The suppression of dark current for achieving high-performance Ga2O3 nanorod array ultraviolet photodetector

Gallium oxide (Ga 2 O 3 ) is a promising candidate for next-generation solar-blind photodetectors (PDs) because of its large bandgap of 4.9 eV. Its single-crystal nanorod structure improves its photoelectric performance, which promotes carrier transformation and separation. However, Ga 2 O 3 nanorods fabricated by the hydrothermal method have many oxygen vacancies, which largely enhance the dark current and reduce the on/off ratio of PDs, restricting application of such devices. Therefore, in this paper, dual strategies are applied to reduce the dark current of a metal–semiconductor–metal-structured Ga 2 O 3 nanorod PD fabricated by the hydrothermal method.
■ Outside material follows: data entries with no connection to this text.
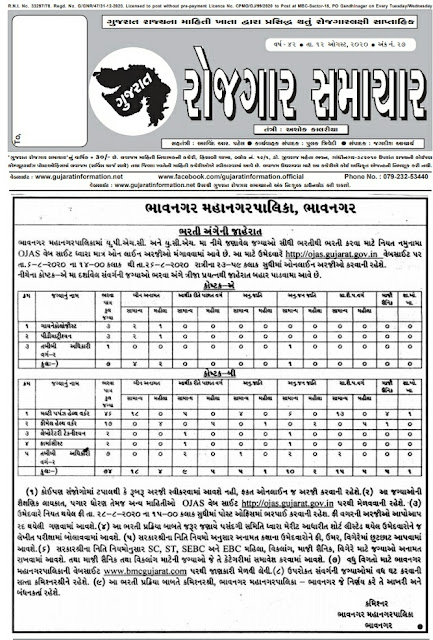 Download Gujarat Rojgar Samachar August 2020 date 12/8/20
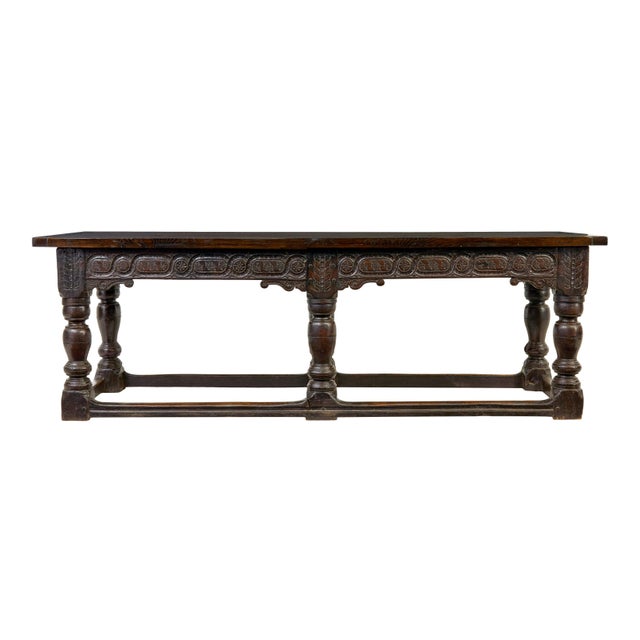 16th century and later elizabethan solid oak refectory table circa 1590. We are pleased to offer this beautiful table,...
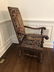 Antique Baroque Revival Arm Chair w Tapestry Seat - 2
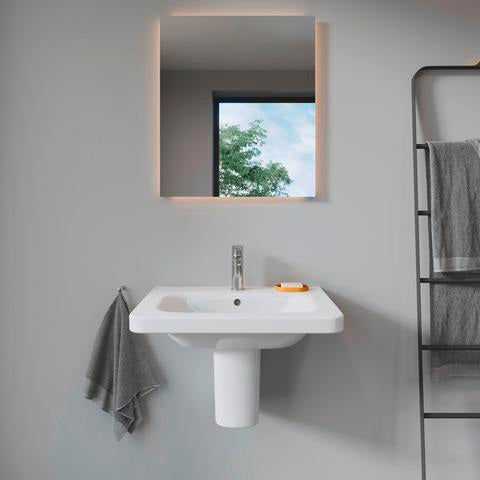 DURAVIT DuraStyle Halbsäule aus Sanitärkeramik in Weiß für Wand-WCs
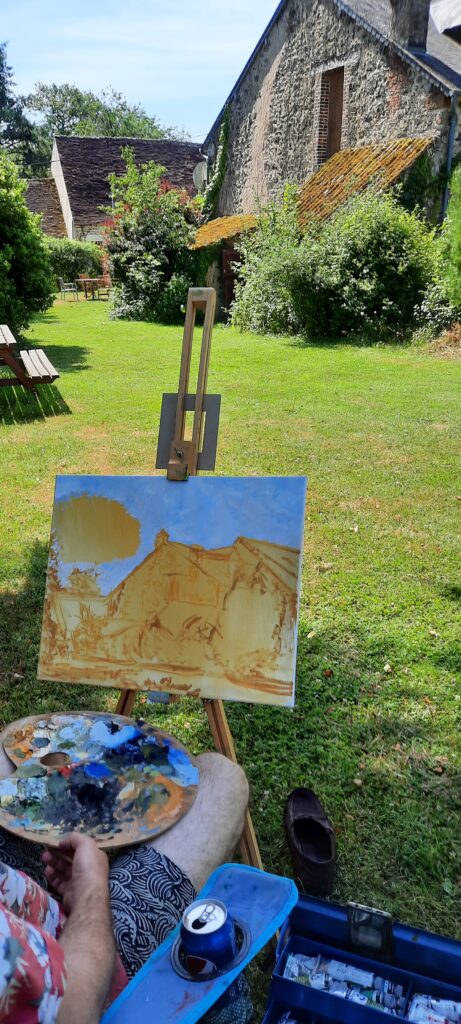 Lekker schilderen in de tuin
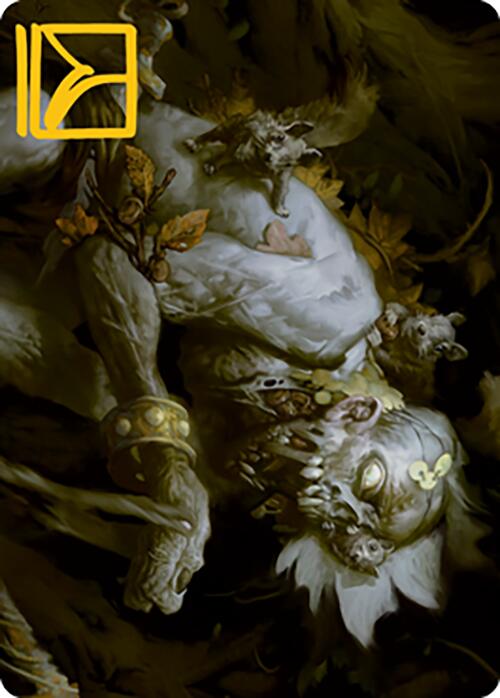 Nested Shambler Art Card (Gold-Stamped Signature) [Modern Horizons 2 Art Series] | Galaxy Games LLC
Through these dual strategies, which include annealing treatment and the application of a polymethyl methacrylate (PMMA) coating, the dark current of the PD is reduced from 1.34 × 10 −7 to 2.04 × 10 −9 A at 1 V, resulting in the on/off ratio of the PD reaching as high as 3.24 × 10 4 . Besides, the responsivity and detectivity of the device reach 1.73 A/W and 2.53 × 10 12 Jones respectively, which represents better performance than those of other reported Ga 2 O 3 nanorod array PDs. Results have shown that the new strategy adopted can greatly improve the performance of Ga 2 O 3 -based ultraviolet photodetectors.